Dan and I had a lunch date today with six friends.  It was cheery, full of conversation and good food.  I should mention  all of us in the lunch group are older than 72 with two in their 80s and Calvin is in his 90s. 

Our friend Irma from Clinton set it up.  We only drove because it was our turn.  Irma, Dan and I often hit some of the local four star eateries:  Poor Farm at Clinton, Conrads at Overbrook, Berryton UMC meal night and of course our Stull UMC meal night. 

This time we picked up our friends and traveled to Pioneer Ridge Retirement Center in Lawrence where Judy resides.  Before we settled in the restaurant, we took a little tour of the facility.  There is a huge meeting room available for residents for no charge, there is a workout center where the machines are electronically matched to each residents arm band, and there is a room with big screen TV, pool table, fireplace  and a nicely stocked bar.  I think owners of these facilities are seeing us baby boomers coming!

Dan and I had the mushroom cheese hamburger sandwich, some of the others had mac and cheese and chicken salad sandwich.
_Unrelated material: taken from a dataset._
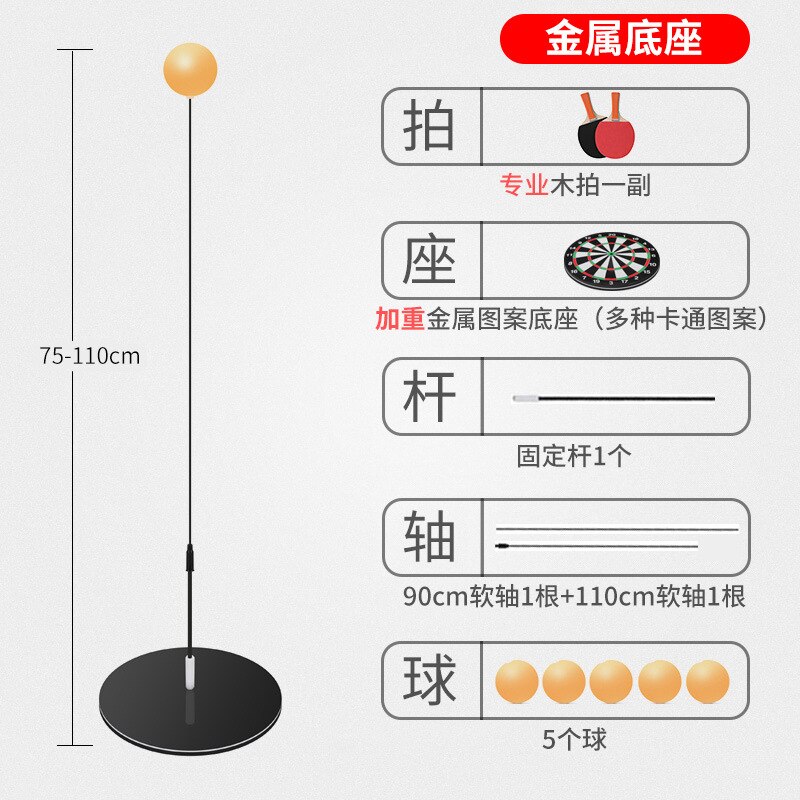 Ping Pong Training Device Children Elasticity of Self-Exercise Useful Flexible Shaft Adjustable Sports Equipment Simple Portable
The portions were for people who are sedentary, but it was all very good.   They have waitresses and a chef.

Irma, retired BSN,  made an interesting observation.  She said a retirement center like Pioneer Ridge is a community within a community.  Most residents know and watch after each other.   They eat and socialize together, but have their little apartment when they want solitude.   By combining resources, they bring in lecturers, show movies every day and takes trips in their bus. 

One of the residents out and about we instantly recognized.  Judy introduced us to a published author. So, you have people who are well known by their accomplishments, others who are well known because they are good listeners and others who just make people laugh.  Just as it is as we live in our wider communities.

The transition from home to a retirement facility comes more easily for some than others.  It seems to me that the most happy residents today were with a group of friends.  In the end, as we grow old, it might be our friends, not our doctor, who are able to make us feel the best.

Monday, April 09, 2018

White Sands National Monument

First, here is a Smug Mug link to more pictures.

White Sands National Monument is tucked down in southern New Mexico, really not on the direct way to a location we have visited in the past. 

White Sands map 

Maybe that’s why we have not stopped by on our other trips to Phoenix.  Since we were headed south to the Tucson area from Mesa, Kay and Lynn encouraged us to route our return trip by this remarkable site. 

Our government does an outstanding job producing the videos available in every national park/monument that has a visitor’s center.  The White Sands presentation was stunning, especially the drone footage.  The movie is where we learned that the “sand” is really not sand at all, but gypsum particles.  The nearby mountains have large deposits of gypsum that over time have blown off and deposited on the area. 

From the visitor’s center, we entered the monument on a well traveled road between dunes. 

Due to the nature of the shifting sand, visitors are encouraged to stay on the road at all times.  However, there are plenty of opportunities to pull over and hike out over the dunes.  I overheard a young mother ask the park ranger if her daughters could get lost among the dunes and he told her to accompany them but to also orient to high poles located in the area.  That is how much the dunes and valleys are alike, yet shifting.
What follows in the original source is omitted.